▶ EXERCISE DETAILS
Print, exactly as they stand, the lines below from the one that has "This will enable" to the one that has "And to configure", inclusive, leaving out the pictures.
** Opening SUPPLIED MATERIAL block **
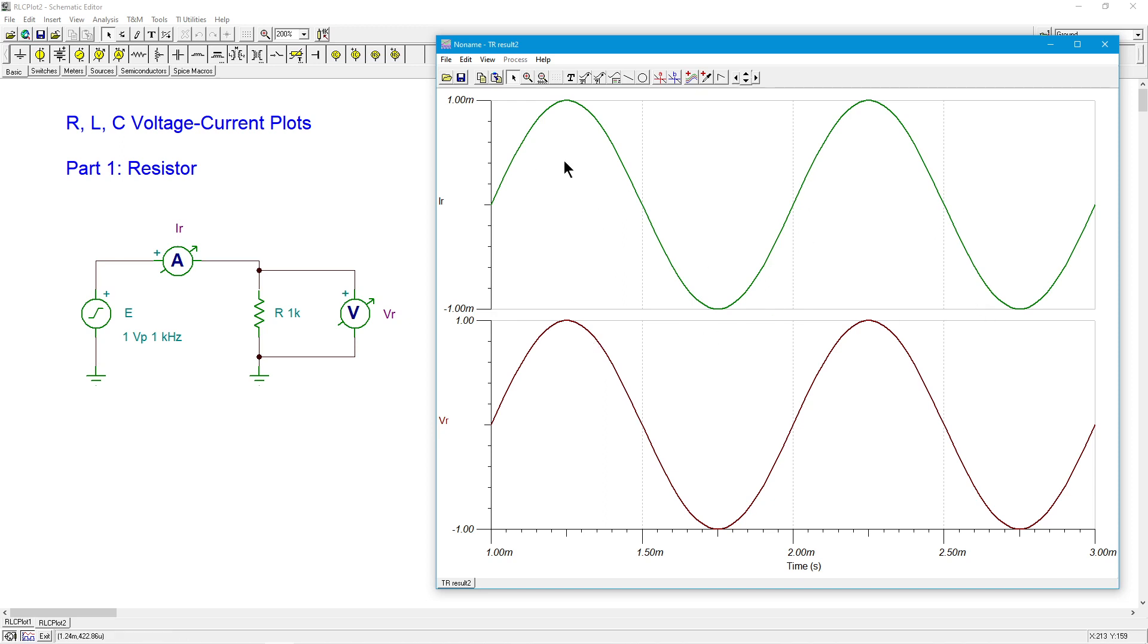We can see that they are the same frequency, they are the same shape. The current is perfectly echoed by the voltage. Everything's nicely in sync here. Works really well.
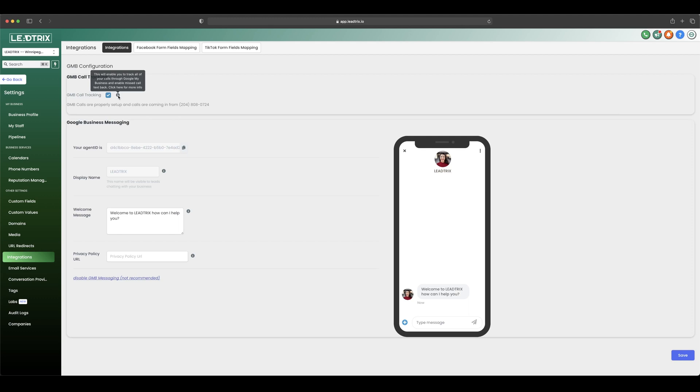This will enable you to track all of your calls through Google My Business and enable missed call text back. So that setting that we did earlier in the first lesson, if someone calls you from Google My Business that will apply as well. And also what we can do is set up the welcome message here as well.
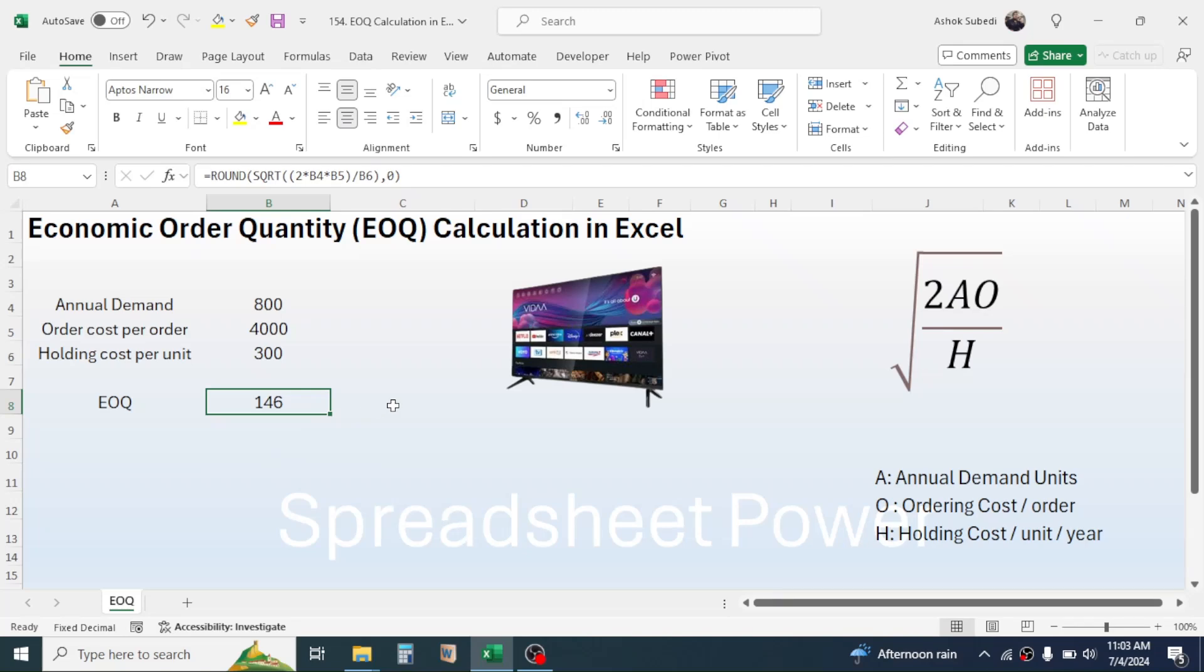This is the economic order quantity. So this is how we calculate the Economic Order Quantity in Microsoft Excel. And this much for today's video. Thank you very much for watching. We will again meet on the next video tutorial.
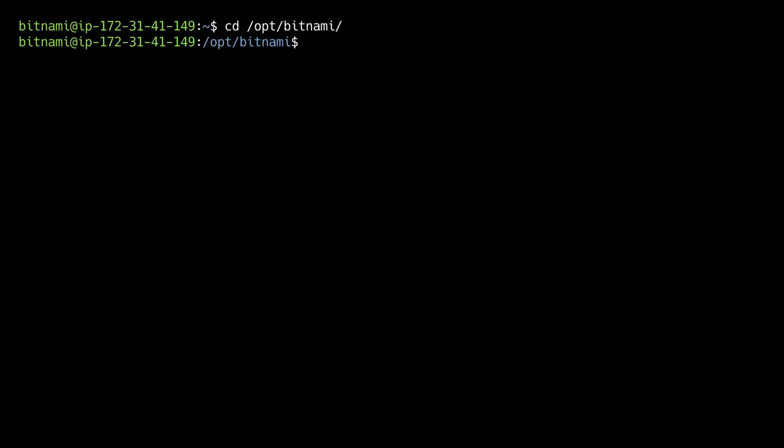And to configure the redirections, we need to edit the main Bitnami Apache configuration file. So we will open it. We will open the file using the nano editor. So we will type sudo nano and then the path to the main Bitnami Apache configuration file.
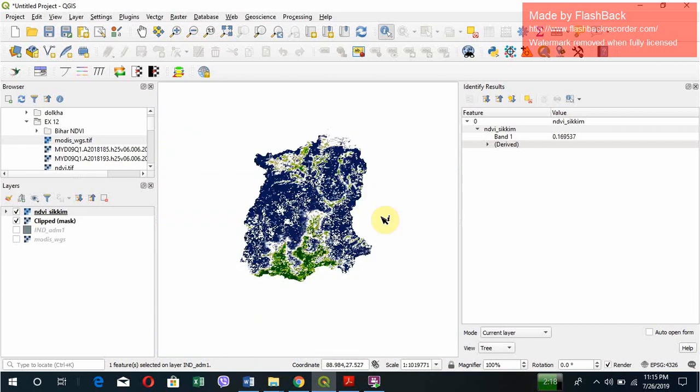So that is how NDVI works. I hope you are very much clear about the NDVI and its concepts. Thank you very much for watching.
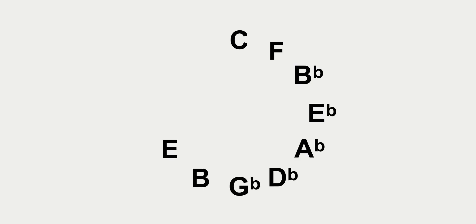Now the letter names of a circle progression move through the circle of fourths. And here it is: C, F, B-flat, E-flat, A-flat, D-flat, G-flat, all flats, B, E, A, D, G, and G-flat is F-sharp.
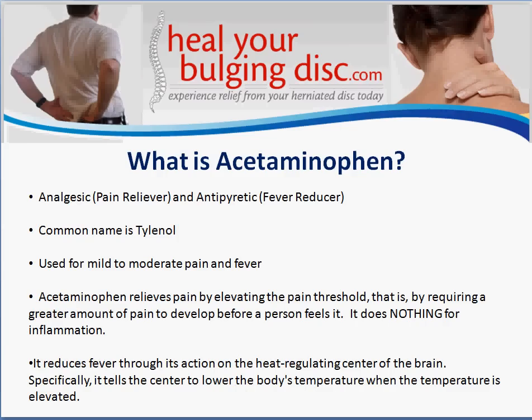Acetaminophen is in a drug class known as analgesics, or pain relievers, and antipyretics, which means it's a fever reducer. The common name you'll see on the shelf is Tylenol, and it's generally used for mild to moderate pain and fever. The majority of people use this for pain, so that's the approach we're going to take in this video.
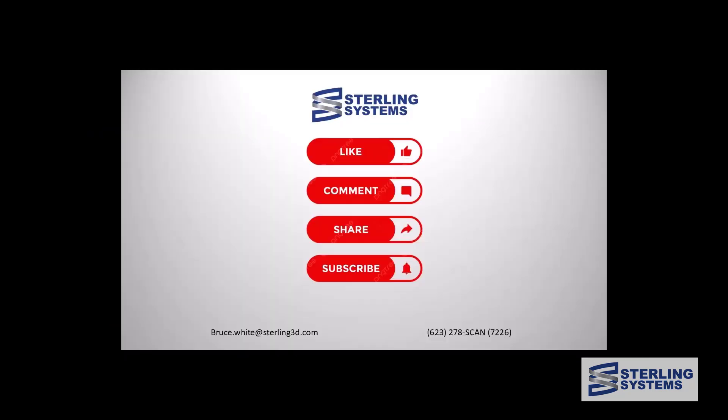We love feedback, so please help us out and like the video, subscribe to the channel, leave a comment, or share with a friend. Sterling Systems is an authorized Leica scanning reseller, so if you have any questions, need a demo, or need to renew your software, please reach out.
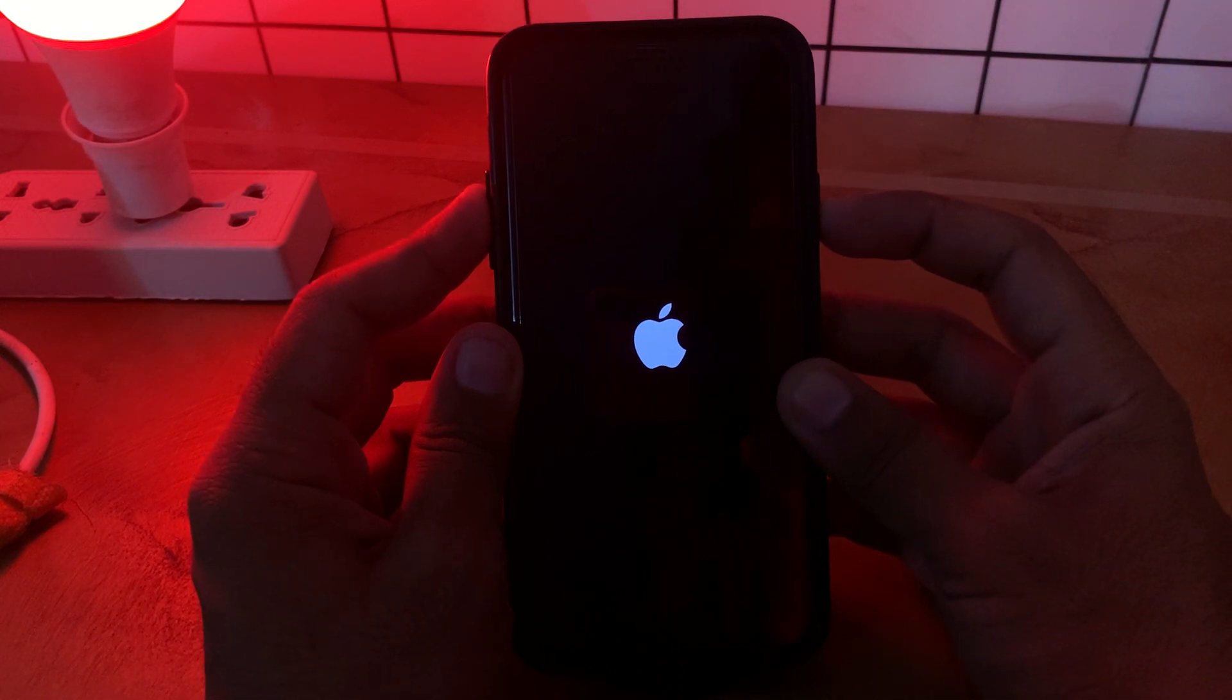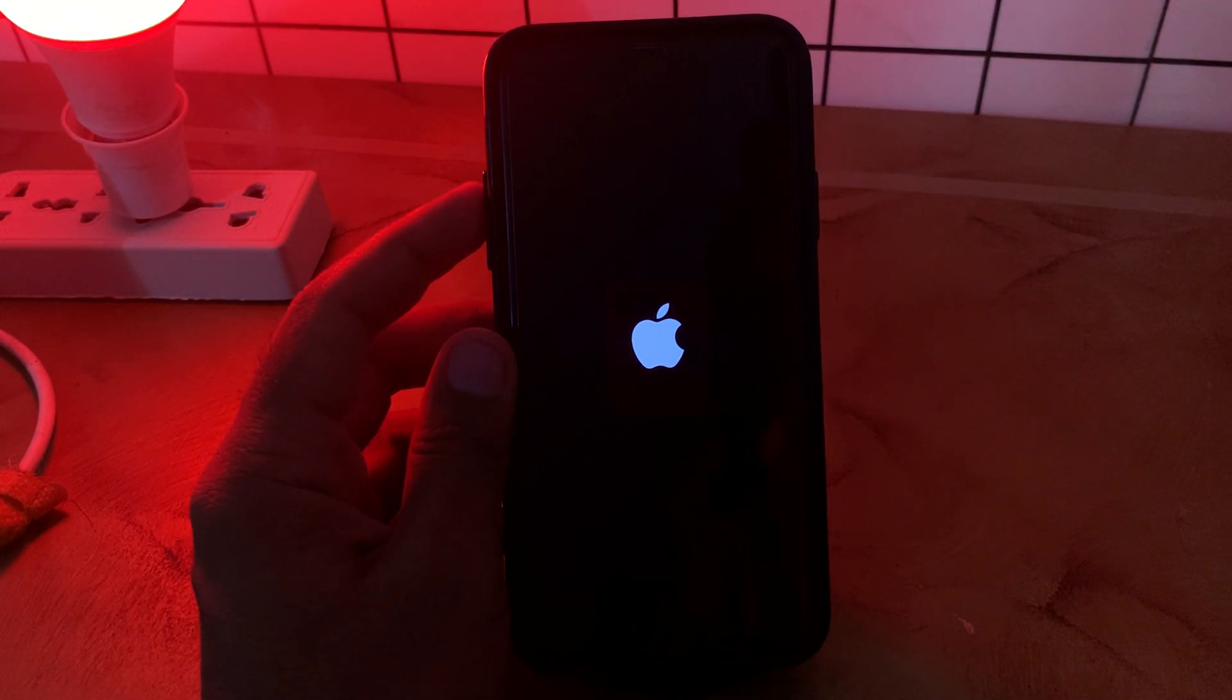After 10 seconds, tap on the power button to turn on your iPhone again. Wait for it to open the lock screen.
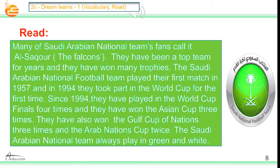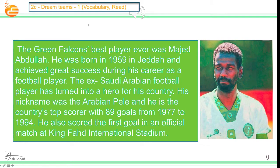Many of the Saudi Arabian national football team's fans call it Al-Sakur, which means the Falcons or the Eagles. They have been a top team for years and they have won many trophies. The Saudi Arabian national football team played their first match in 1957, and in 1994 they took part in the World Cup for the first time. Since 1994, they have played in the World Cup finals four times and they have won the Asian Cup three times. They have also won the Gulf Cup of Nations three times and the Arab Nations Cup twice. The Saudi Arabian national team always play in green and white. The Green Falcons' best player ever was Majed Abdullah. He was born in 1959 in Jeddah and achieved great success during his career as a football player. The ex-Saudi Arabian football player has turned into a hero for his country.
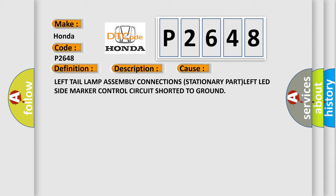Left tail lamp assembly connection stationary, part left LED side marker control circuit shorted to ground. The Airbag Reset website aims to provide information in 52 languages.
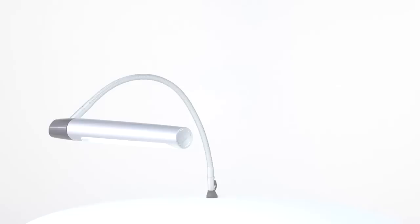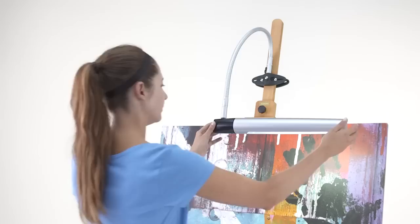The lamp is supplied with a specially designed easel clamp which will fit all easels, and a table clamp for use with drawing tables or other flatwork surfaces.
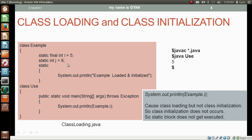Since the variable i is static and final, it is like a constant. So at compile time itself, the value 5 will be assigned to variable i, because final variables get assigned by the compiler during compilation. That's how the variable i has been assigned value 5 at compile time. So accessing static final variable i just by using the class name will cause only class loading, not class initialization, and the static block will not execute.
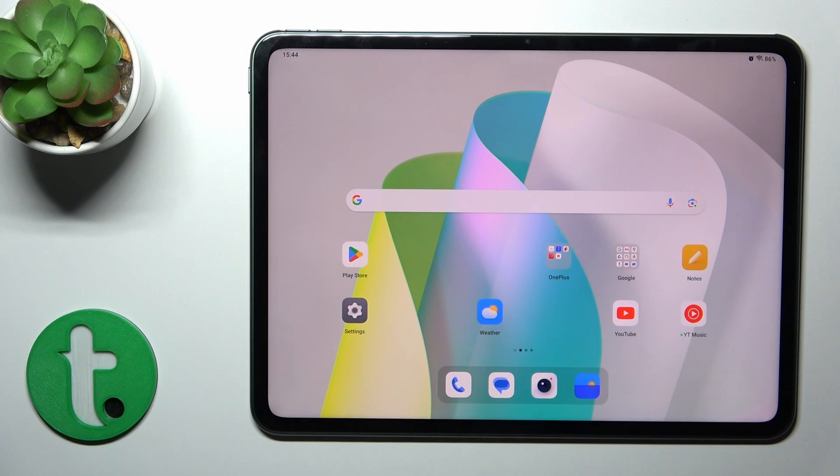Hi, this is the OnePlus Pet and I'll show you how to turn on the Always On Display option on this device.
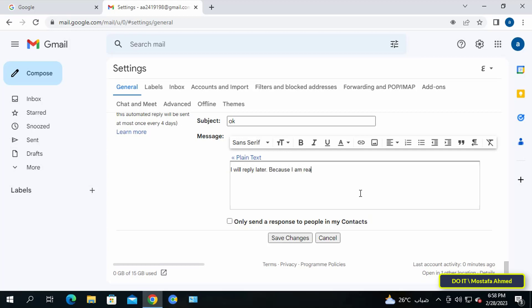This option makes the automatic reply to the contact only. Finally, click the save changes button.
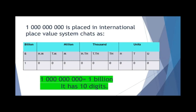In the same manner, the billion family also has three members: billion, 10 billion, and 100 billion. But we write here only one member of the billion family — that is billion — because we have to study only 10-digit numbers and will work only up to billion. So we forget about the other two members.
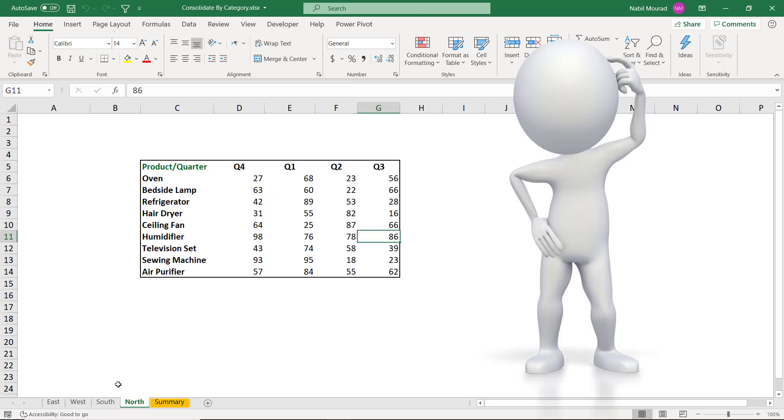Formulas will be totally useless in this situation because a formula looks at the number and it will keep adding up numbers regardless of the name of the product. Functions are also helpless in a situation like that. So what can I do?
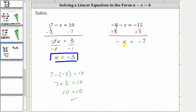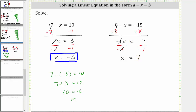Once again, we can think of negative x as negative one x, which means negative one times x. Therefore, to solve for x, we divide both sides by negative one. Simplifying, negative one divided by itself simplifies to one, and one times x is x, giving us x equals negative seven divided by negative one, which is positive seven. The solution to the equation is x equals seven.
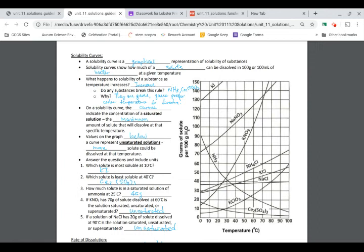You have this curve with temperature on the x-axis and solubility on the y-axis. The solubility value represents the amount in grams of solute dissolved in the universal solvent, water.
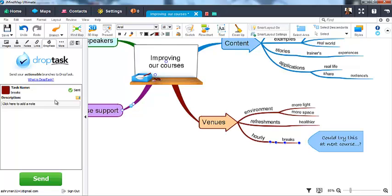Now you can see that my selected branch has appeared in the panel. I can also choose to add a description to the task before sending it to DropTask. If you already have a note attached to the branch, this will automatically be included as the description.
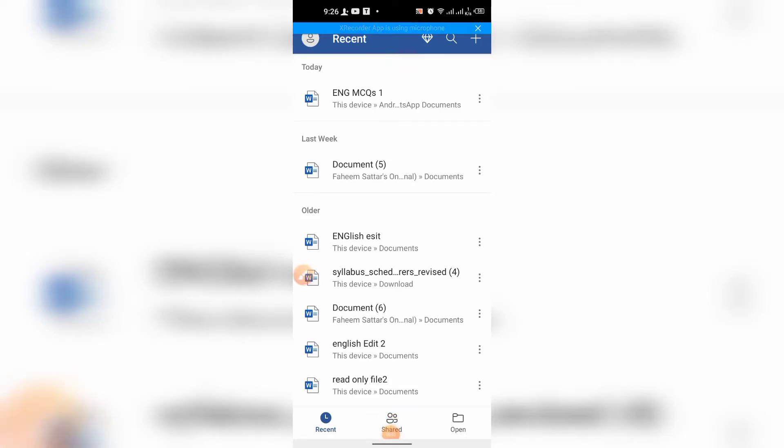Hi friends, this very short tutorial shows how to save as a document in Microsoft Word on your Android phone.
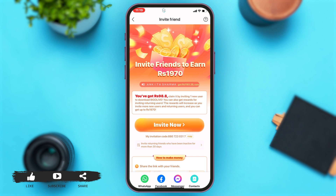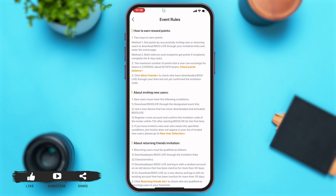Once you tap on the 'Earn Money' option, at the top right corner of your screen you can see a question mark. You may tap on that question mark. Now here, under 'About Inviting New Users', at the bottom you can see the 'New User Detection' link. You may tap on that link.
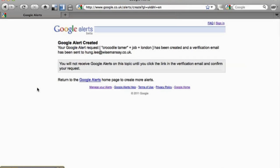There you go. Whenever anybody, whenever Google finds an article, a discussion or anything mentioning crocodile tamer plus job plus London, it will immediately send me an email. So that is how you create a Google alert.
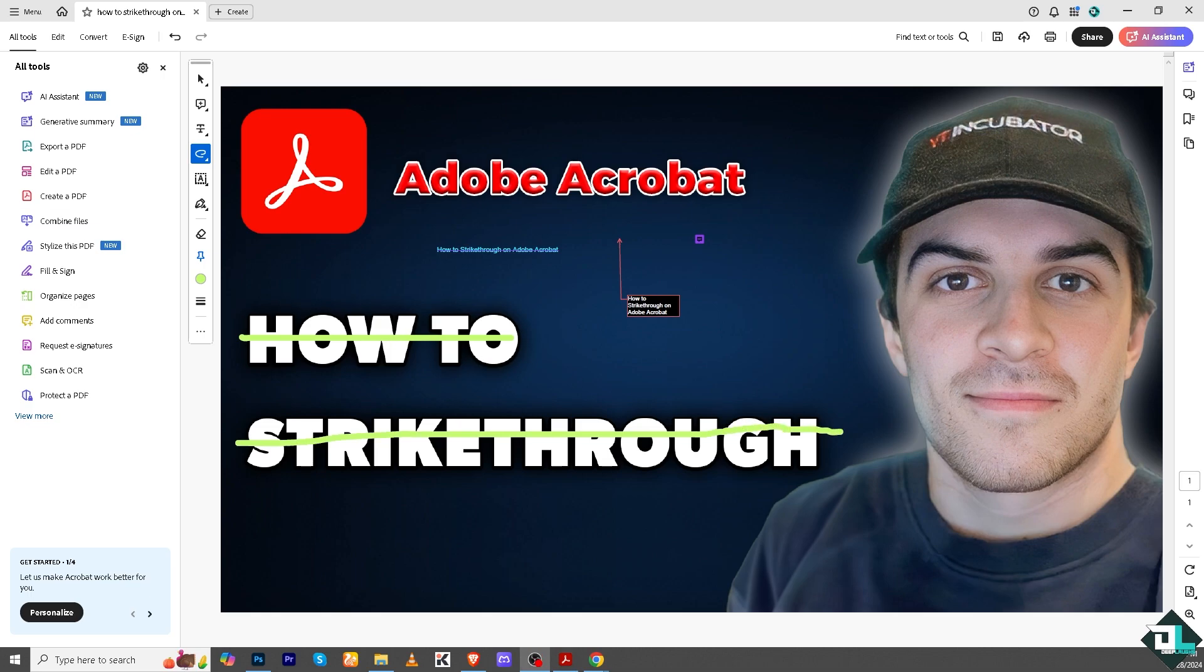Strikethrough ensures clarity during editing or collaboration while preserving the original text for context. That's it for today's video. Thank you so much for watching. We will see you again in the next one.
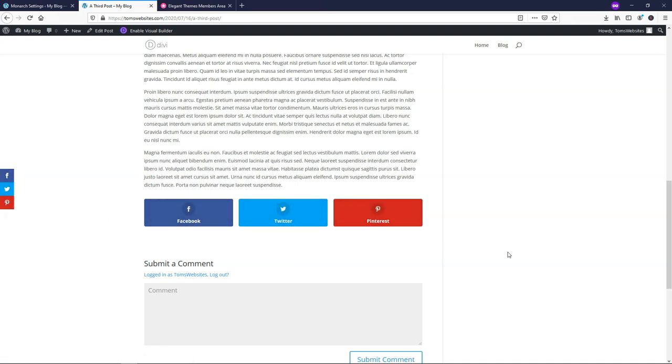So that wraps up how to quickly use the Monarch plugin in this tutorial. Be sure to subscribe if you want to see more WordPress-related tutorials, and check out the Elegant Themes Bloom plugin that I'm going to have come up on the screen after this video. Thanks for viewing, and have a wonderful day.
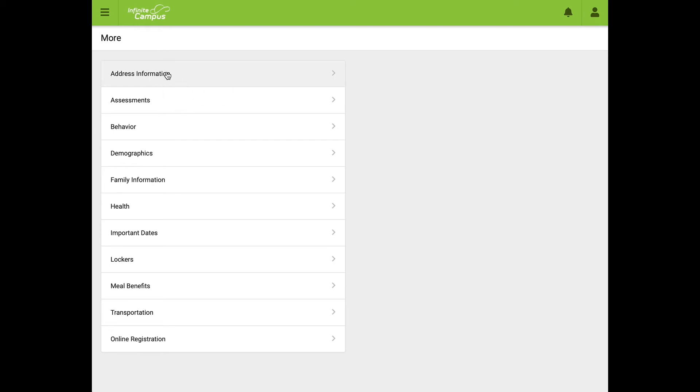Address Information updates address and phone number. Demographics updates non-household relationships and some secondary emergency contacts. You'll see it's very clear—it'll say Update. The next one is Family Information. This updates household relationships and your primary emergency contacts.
** Closing SUPPLIED MATERIAL block **
▶ SOLUTION TO THE EXERCISE
This will enable you to track all of your calls through Google My Business and enable missed call text back. So that setting that we did earlier in the first lesson, if someone calls you from Google My Business that will apply as well. And also what we can do is set up the welcome message here as well.
This is the economic order quantity. So this is how we calculate the Economic Order Quantity in Microsoft Excel. And this much for today's video. Thank you very much for watching. We will again meet on the next video tutorial.
And to configure the redirections, we need to edit the main Bitnami Apache configuration file. So we will open it. We will open the file using the nano editor. So we will type sudo nano and then the path to the main Bitnami Apache configuration file.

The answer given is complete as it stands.